FC Max Calculator (Maximum Heart Rate)
Estimate your FC max (frecuencia cardíaca máxima / maximum heart rate), compare formulas, and generate personalized training zones.
What is FC Max?
FC max means your maximum heart rate: the highest number of beats per minute (bpm) your heart can reach during intense effort. It is often used in cardio planning, endurance training, fat-loss programs, and recovery workouts.
This number is not a performance score by itself. A higher FC max does not automatically mean better fitness. Instead, FC max is a reference point used to build heart-rate zones so you can train at the right intensity for your goals.
Why use an FC max calculator?
Many people guess workout intensity and end up training too hard or too easy. A calculator gives you a practical estimate to structure workouts with intention. That can help with:
- Improved aerobic endurance
- Better pacing for runs and rides
- Safer progression for beginners
- Smarter interval sessions
- Recovery-day control
How this calculator estimates your maximum heart rate
No formula predicts your exact real-world max perfectly. Still, validated equations provide useful estimates. This calculator shows multiple methods so you can compare and choose a practical value.
Formulas included
- Fox formula: 220 − age
- Tanaka formula: 208 − (0.7 × age)
- Nes formula: 211 − (0.64 × age)
- Gulati formula (women): 206 − (0.88 × age)
For general use, the calculator highlights Tanaka for most users and Gulati for women when selected. This is simply a practical default, not a diagnosis.

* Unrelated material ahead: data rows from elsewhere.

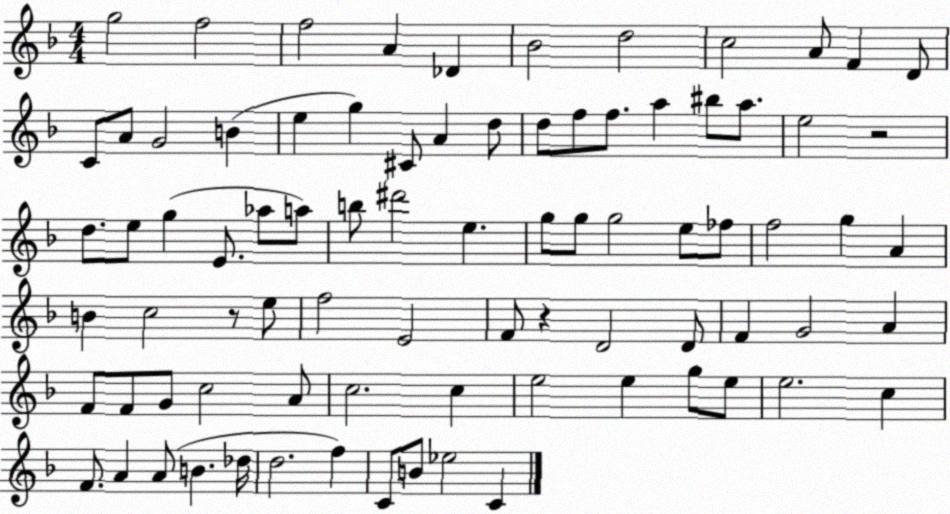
X:1
T:Untitled
M:4/4
L:1/4
K:F
g2 f2 f2 A _D _B2 d2 c2 A/2 F D/2 C/2 A/2 G2 B e g ^C/2 A d/2 d/2 f/2 f/2 a ^b/2 a/2 e2 z2 d/2 e/2 g E/2 _a/2 a/2 b/2 ^d'2 e g/2 g/2 g2 e/2 _f/2 f2 g A B c2 z/2 e/2 f2 E2 F/2 z D2 D/2 F G2 A F/2 F/2 G/2 c2 A/2 c2 c e2 e g/2 e/2 e2 c F/2 A A/2 B _d/4 d2 f C/2 B/2 _e2 C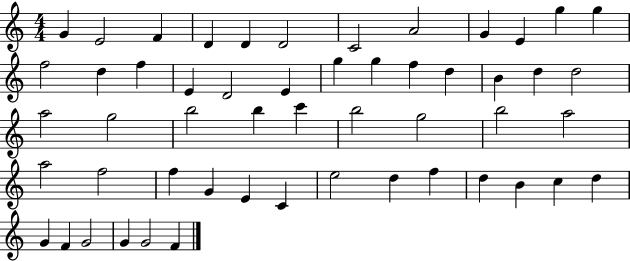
{
  \clef treble
  \numericTimeSignature
  \time 4/4
  \key c \major
  g'4 e'2 f'4 | d'4 d'4 d'2 | c'2 a'2 | g'4 e'4 g''4 g''4 | \break f''2 d''4 f''4 | e'4 d'2 e'4 | g''4 g''4 f''4 d''4 | b'4 d''4 d''2 | \break a''2 g''2 | b''2 b''4 c'''4 | b''2 g''2 | b''2 a''2 | \break a''2 f''2 | f''4 g'4 e'4 c'4 | e''2 d''4 f''4 | d''4 b'4 c''4 d''4 | \break g'4 f'4 g'2 | g'4 g'2 f'4 | \bar "|."
}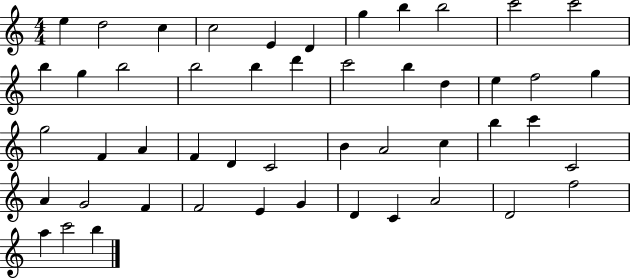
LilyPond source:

{
  \clef treble
  \numericTimeSignature
  \time 4/4
  \key c \major
  e''4 d''2 c''4 | c''2 e'4 d'4 | g''4 b''4 b''2 | c'''2 c'''2 | \break b''4 g''4 b''2 | b''2 b''4 d'''4 | c'''2 b''4 d''4 | e''4 f''2 g''4 | \break g''2 f'4 a'4 | f'4 d'4 c'2 | b'4 a'2 c''4 | b''4 c'''4 c'2 | \break a'4 g'2 f'4 | f'2 e'4 g'4 | d'4 c'4 a'2 | d'2 f''2 | \break a''4 c'''2 b''4 | \bar "|."
}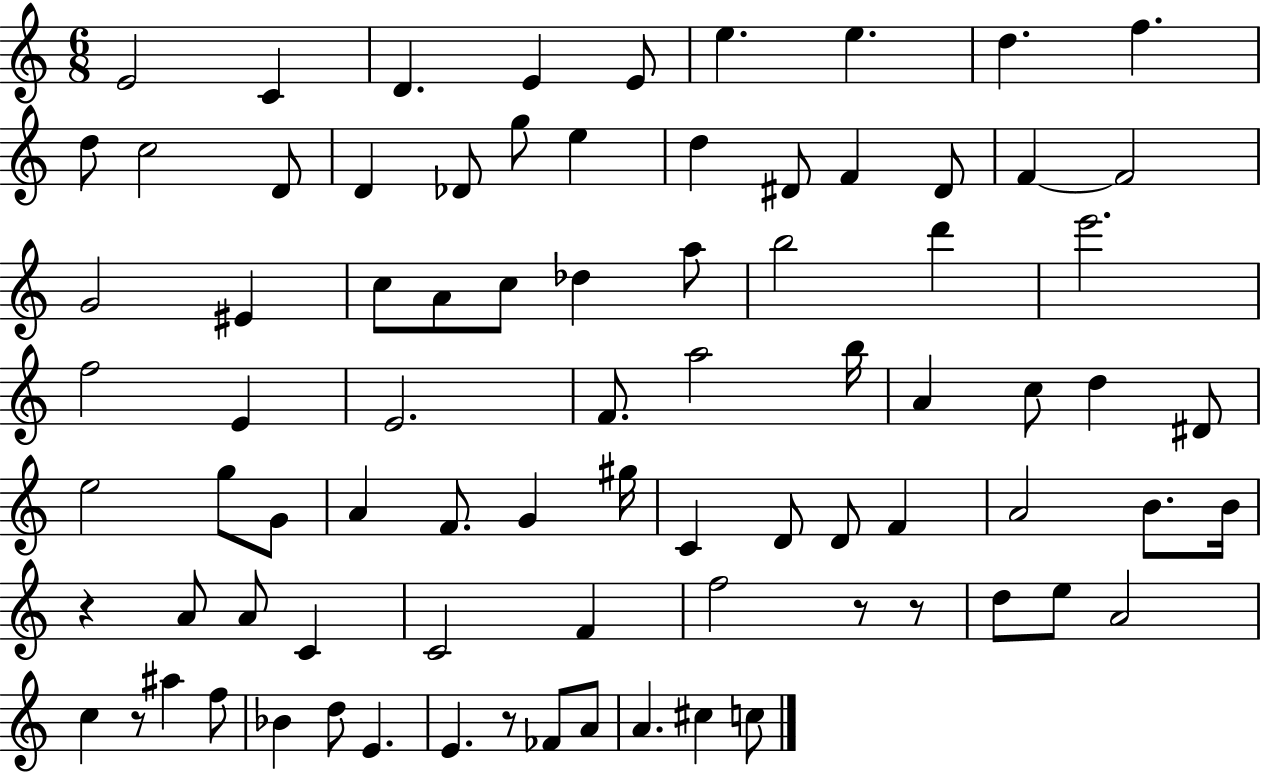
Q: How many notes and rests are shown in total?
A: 82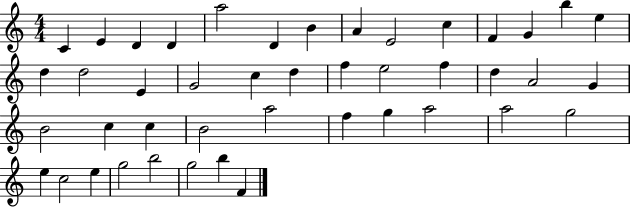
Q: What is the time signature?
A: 4/4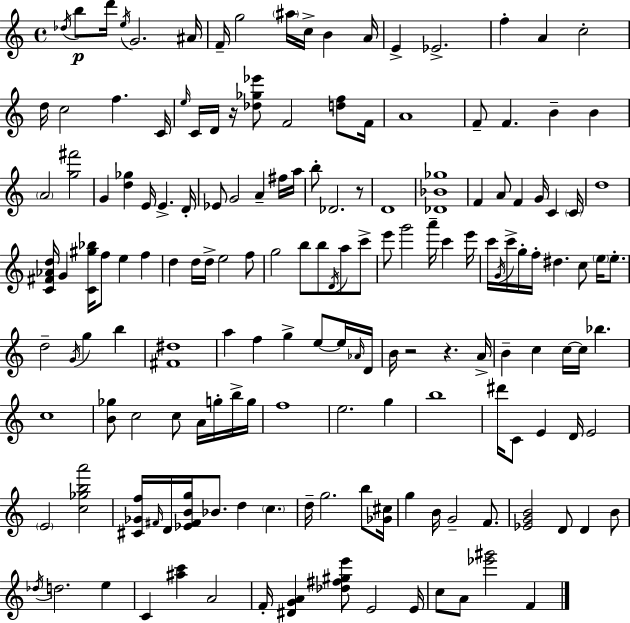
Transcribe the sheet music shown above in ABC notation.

X:1
T:Untitled
M:4/4
L:1/4
K:C
_d/4 b/2 d'/4 e/4 G2 ^A/4 F/4 g2 ^a/4 c/4 B A/4 E _E2 f A c2 d/4 c2 f C/4 e/4 C/4 D/4 z/4 [_d_g_e']/2 F2 [df]/2 F/4 A4 F/2 F B B A2 [g^f']2 G [d_g] E/4 E D/4 _E/2 G2 A ^f/4 a/4 b/2 _D2 z/2 D4 [_D_B_g]4 F A/2 F G/4 C C/4 d4 [C^F_Ad]/4 G [C^g_b]/4 f/2 e f d d/4 d/4 e2 f/2 g2 b/2 b/2 D/4 a/2 c'/2 e'/2 g'2 a'/4 c' e'/4 c'/4 G/4 c'/4 g/4 f/4 ^d c/2 e/4 e/2 d2 G/4 g b [^F^d]4 a f g e/2 e/4 _A/4 D/4 B/4 z2 z A/4 B c c/4 c/4 _b c4 [B_g]/2 c2 c/2 A/4 g/4 b/4 g/4 f4 e2 g b4 ^d'/4 C/2 E D/4 E2 E2 [c_gba']2 [^C_Gf]/4 ^F/4 D/4 [_E^FBg]/4 _B/2 d c d/4 g2 b/2 [_G^c]/4 g B/4 G2 F/2 [_EGB]2 D/2 D B/2 _d/4 d2 e C [^ac'] A2 F/4 [^DGA] [_d^f^ge']/2 E2 E/4 c/2 A/2 [_e'^g']2 F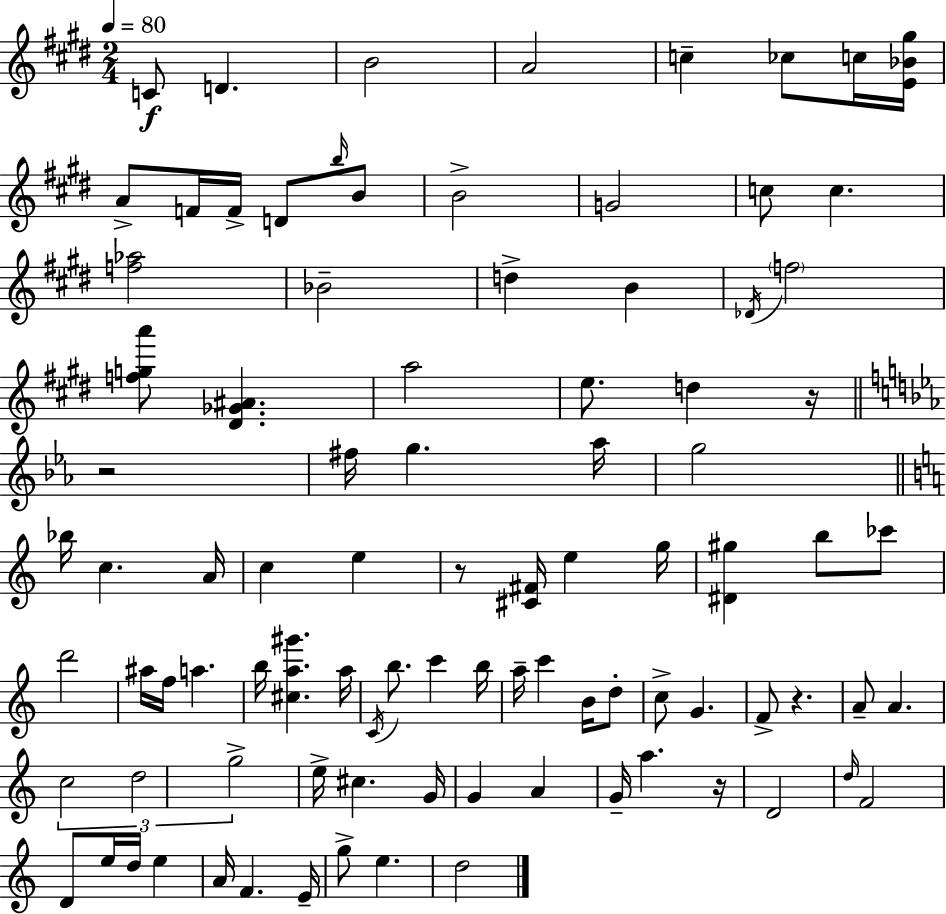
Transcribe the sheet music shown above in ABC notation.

X:1
T:Untitled
M:2/4
L:1/4
K:E
C/2 D B2 A2 c _c/2 c/4 [E_B^g]/4 A/2 F/4 F/4 D/2 b/4 B/2 B2 G2 c/2 c [f_a]2 _B2 d B _D/4 f2 [fga']/2 [^D_G^A] a2 e/2 d z/4 z2 ^f/4 g _a/4 g2 _b/4 c A/4 c e z/2 [^C^F]/4 e g/4 [^D^g] b/2 _c'/2 d'2 ^a/4 f/4 a b/4 [^ca^g'] a/4 C/4 b/2 c' b/4 a/4 c' B/4 d/2 c/2 G F/2 z A/2 A c2 d2 g2 e/4 ^c G/4 G A G/4 a z/4 D2 d/4 F2 D/2 e/4 d/4 e A/4 F E/4 g/2 e d2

Training zones and intensity
After estimating FC max, the next step is using heart-rate zones. These zones map effort levels to outcomes. For example:
- Zone 1 (50–60%): very easy / active recovery
- Zone 2 (60–70%): aerobic base / long steady sessions
- Zone 3 (70–80%): moderate / tempo endurance
- Zone 4 (80–90%): hard / threshold work
- Zone 5 (90–100%): very hard / short intervals
If you enter your resting heart rate, the calculator can also estimate zones with the Karvonen method (Heart Rate Reserve), which is often more personalized than simple % of max.
Practical tips for better results
1) Wear a reliable monitor
A chest strap generally gives cleaner data than wrist optical sensors, especially during intervals and high-intensity efforts.
2) Track trends, not one-off readings
Heart rate changes with sleep, hydration, heat, stress, caffeine, and illness. Use averages over multiple workouts.
3) Pair heart rate with perceived exertion
Use both numbers and body cues. Breathing rhythm, leg fatigue, and talk test all add context your watch cannot capture.
4) Recalculate over time
As training status, age, and health change, your useful training ranges may shift. Recheck every few months.
Limitations and safety
This FC max calculator is educational and not medical advice. Estimated values can differ from lab-tested or field-tested max heart rate. If you have a heart condition, symptoms during exercise, or take medications affecting heart rate, consult a qualified clinician before using heart-rate targets.
Quick FAQ
Is 220 − age accurate?
It is simple and popular, but can be off for many people. That is why comparing formulas helps.
Can I improve FC max?
FC max itself is mostly age/genetics driven. Training usually improves performance at submax intensities rather than raising FC max dramatically.
What if my heart rate exceeds the estimate?
That can happen. Formula outputs are estimates. If readings are consistently much higher or you feel symptoms, seek professional evaluation.
Bottom line
Use FC max as a planning tool, not a label. The best program combines estimated zones, consistent training, recovery, and real feedback from your body. Start simple, train consistently, and adjust based on results.